**Excerpted records**
▶

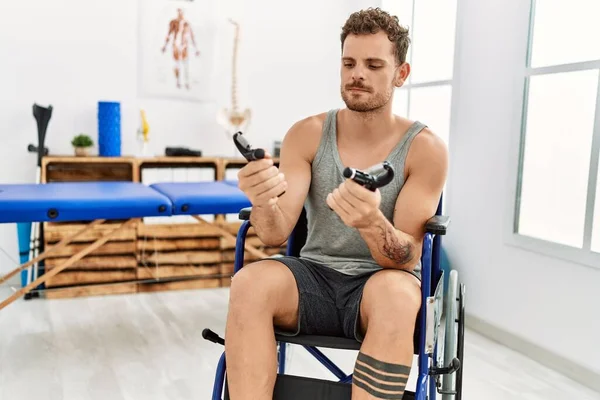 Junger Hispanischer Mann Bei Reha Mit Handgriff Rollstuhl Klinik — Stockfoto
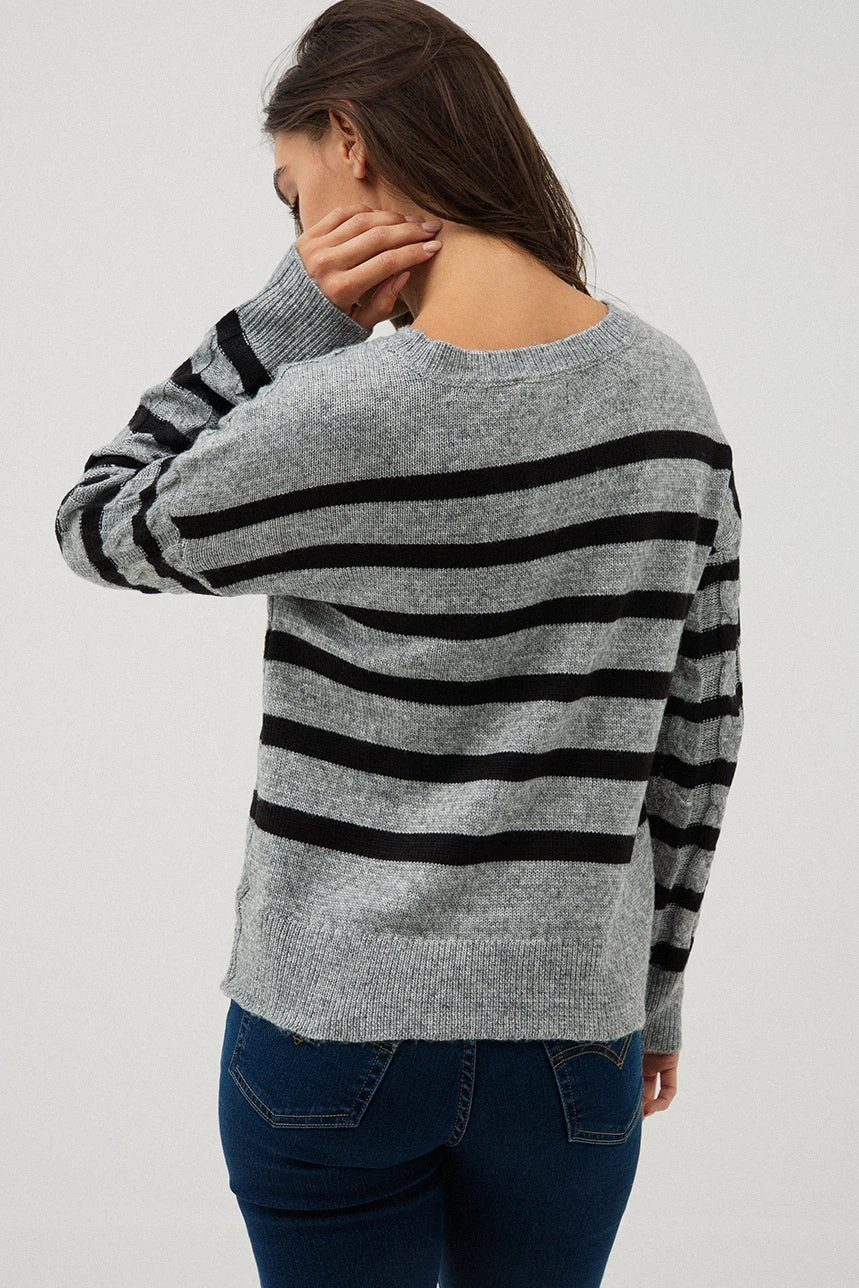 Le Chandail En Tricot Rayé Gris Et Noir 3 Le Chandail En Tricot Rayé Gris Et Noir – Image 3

◀
▶

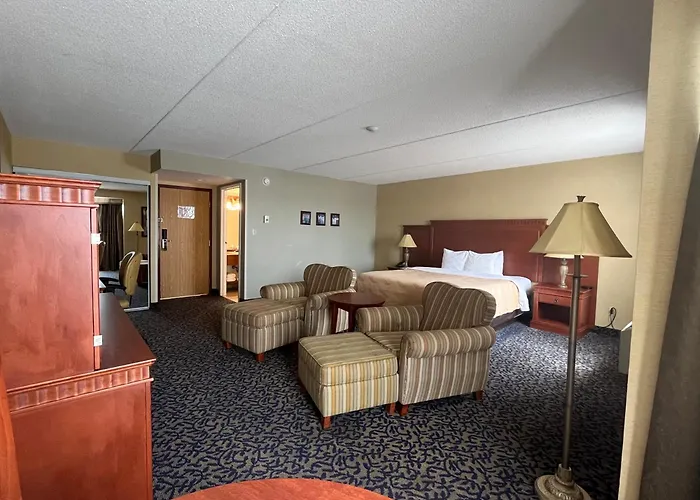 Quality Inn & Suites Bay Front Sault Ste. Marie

◀

**Activity**
Could you write out exactly the lines of the data above that run from the one holding "Junger Hispanischer Mann" to the one holding "Le Chandail En Tricot Rayé Gris Et Noir 3", with both ends in and all pictures out?

**The completed task**
 Junger Hispanischer Mann Bei Reha Mit Handgriff Rollstuhl Klinik — Stockfoto
 Le Chandail En Tricot Rayé Gris Et Noir 3 Le Chandail En Tricot Rayé Gris Et Noir – Image 3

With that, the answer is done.